Habrá otros referentes, seguro. Los Simpson, los Oompa Loompa de Willy Wonka y los Jawas de Star Wars. Pero qué sentido tiene buscar los referentes de estos boniatos con gafas graduadas. Los minions, que en su día fueron un accidente a la manera newtoniana cuando el director Pierre Coffin diseñaba la ayudantía de Gru, mi villano favorito, merecían tener precuela spin-off precisamente por lo contrario: por su carácter absolutamente innovador.

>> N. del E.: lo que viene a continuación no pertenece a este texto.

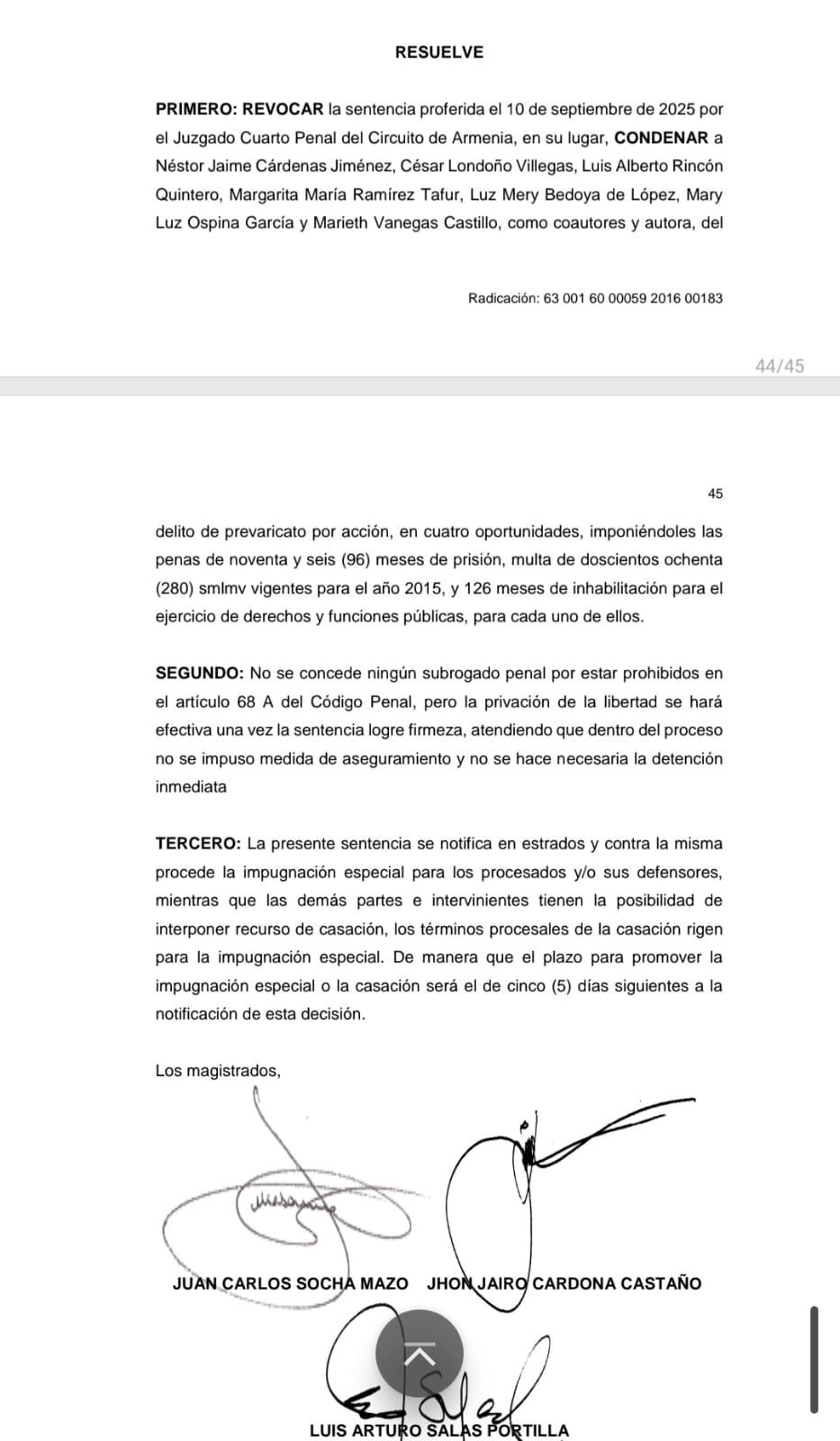 El resuelve de la sentencia del tribunal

Lo de menos es la trama inventada para la ocasión –mejor en su faceta Érase una vez un Minion que en el robobo de la jojoya (real). O la banda sonora a golpe de temazos rock & rolleros, de The Doors y The Beatles pa’arriba. Aquí lo importante es crear un lugar y un tiempo (los maravillosos años 60) en el que los minions pongan todos sus encantos a favor de una misión: encontrar villano al que servir. ¿A qué encantos nos referimos? A su inimitable gestualidad, esa expresividad que consiguen con un ojo, a lo sumo dos, y una boca que es cóncava y convexa según tengan el ánimo. Y, por supuesto, también a su hilarante idioma collage del rumano, español, inglés y coreano (aprende lo necesario: matocaa es hambre; boss: jefe; macarof es cáspita…) que combina tan bien con su gracejo natural y con su maldición más simpática: ellos quieren ser malos pero no pueden evitar ser una monada.